→ **Exercise brief**
With the pictures omitted, output word for word the lines from the one containing "Aloy perché sur" through the end of the records.

→ **Extracted records**
******************************

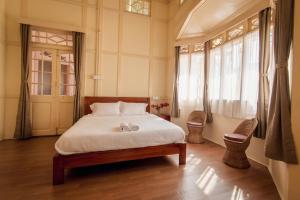 Ένα ή περισσότερα κρεβάτια σε δωμάτιο στο OOtO Homestay
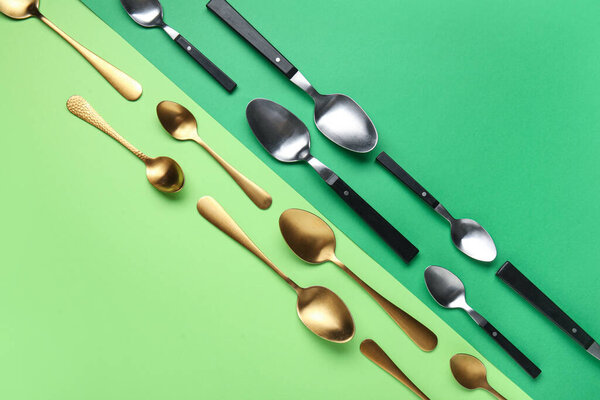 Different stylish spoons on color background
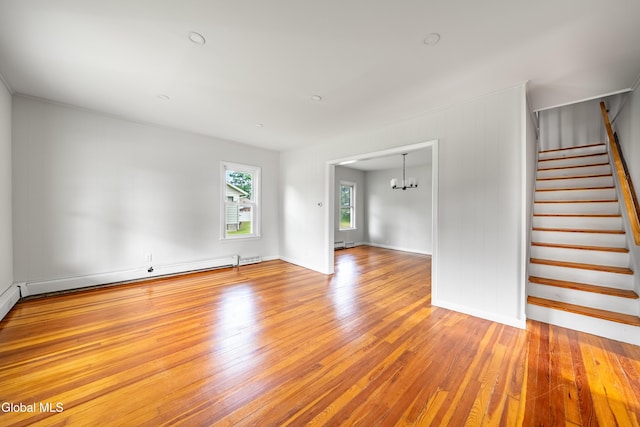 1012 Princetown Rd, Rotterdam, NY 12306 - unfurnished living room featuring stairway, wood finished floors, a chandelier, and baseboard heating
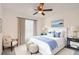 Bright bedroom features a plush bed with blue accents, side tables, and ottomans at 718 17Th E St, Bradenton, FL 34208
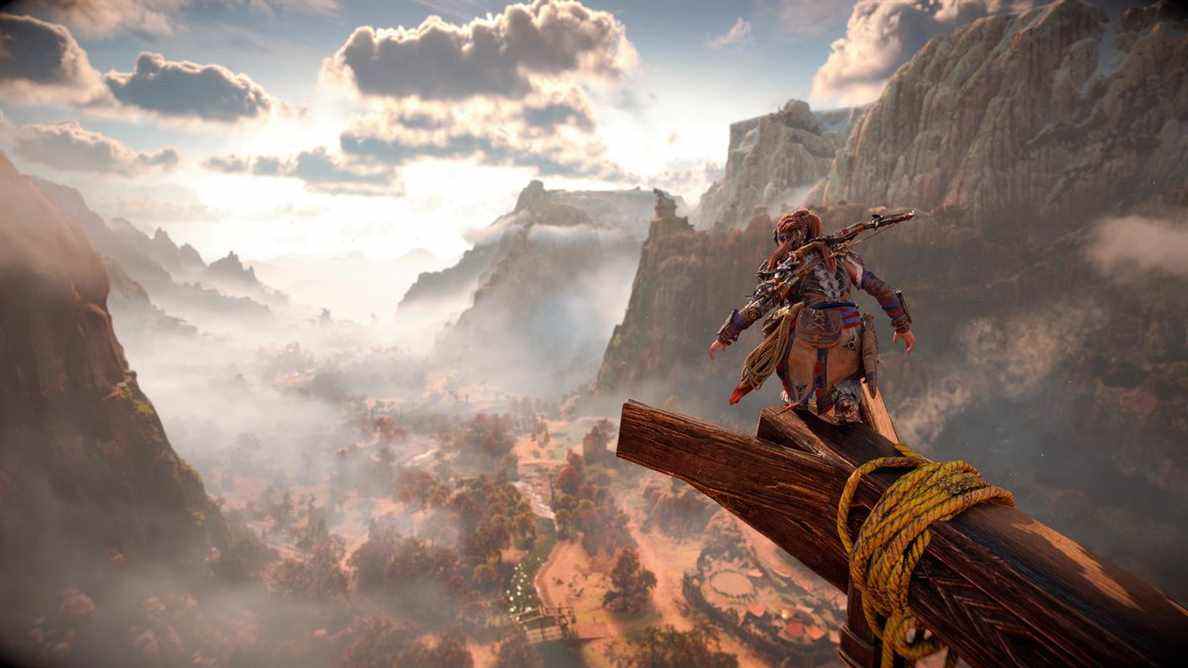 Aloy perché sur une poutre en bois au-dessus d'une vallée fluviale brumeuse dans Horizon Forbidden West sur PS5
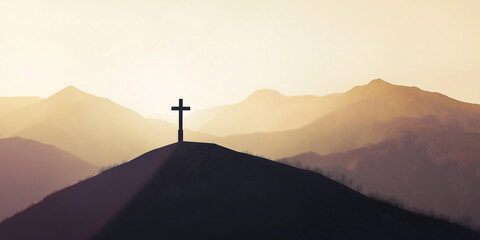 Wall Mural - Christian cross standing on a hilltop at sunset with mountains in the background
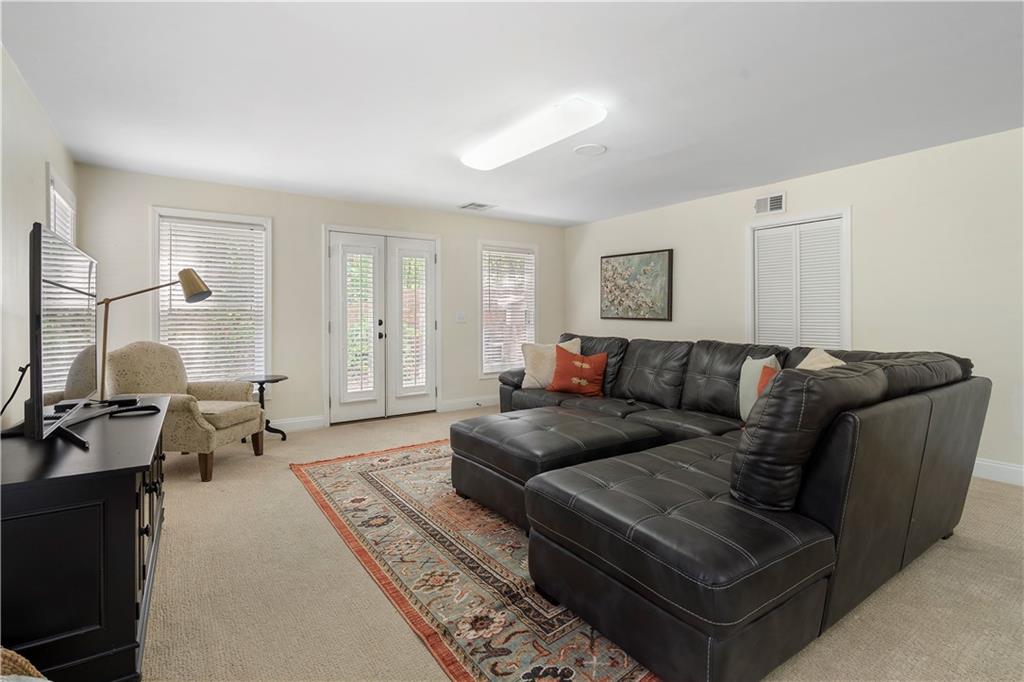 1174 Bowerie Chase Powder Springs, GA 30127 - Photo 52 of 70 a living room with furniture and a flat screen tv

******************************

→ **Answer box**
 Aloy perché sur une poutre en bois au-dessus d'une vallée fluviale brumeuse dans Horizon Forbidden West sur PS5
 Wall Mural - Christian cross standing on a hilltop at sunset with mountains in the background
 1174 Bowerie Chase Powder Springs, GA 30127 - Photo 52 of 70 a living room with furniture and a flat screen tv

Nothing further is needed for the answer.